## [Information supplied]
*** Block opens ***

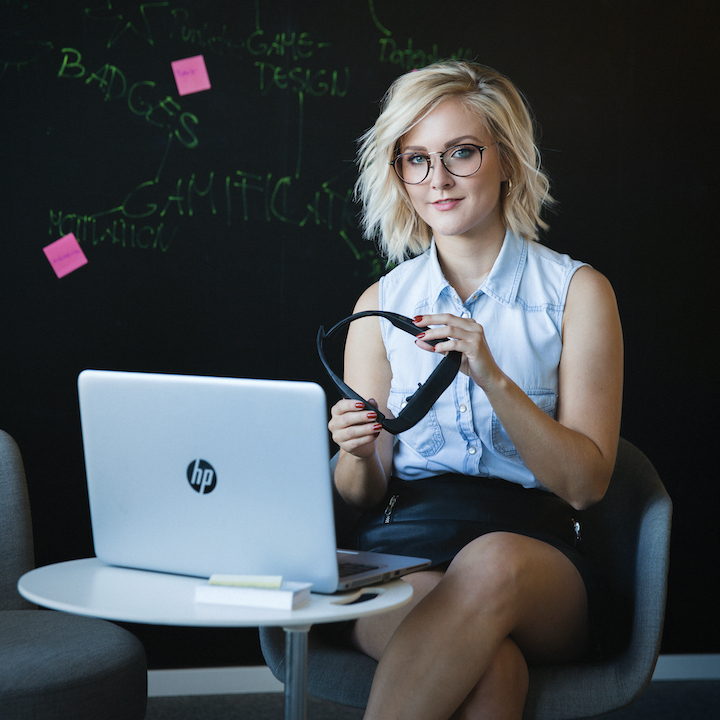 A young woman sitting behind her computer holding a pair of glasses in her hands.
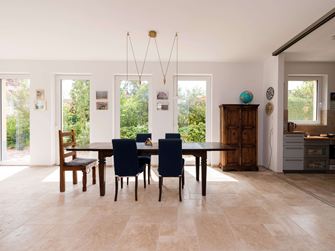 Lichte eethoek met houten meubels en beige travertin tegels als vloerbedekking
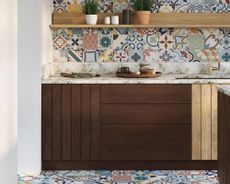 mixed morrocan style patterned tiles in a kitchen with dark wood cabinets, marble countertops and open shelving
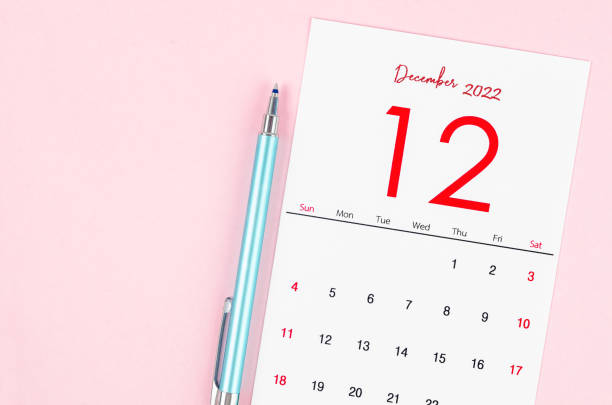 istock December 2022 calendar with pen on pink background. 1397912668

*** Block closes ***

## [Assignment]
Exactly the lines from the line that contains "mixed morrocan style" through the last line above, and no other lines, must be output, with pictures excluded.

## [Response to this task]
 mixed morrocan style patterned tiles in a kitchen with dark wood cabinets, marble countertops and open shelving
 istock December 2022 calendar with pen on pink background. 1397912668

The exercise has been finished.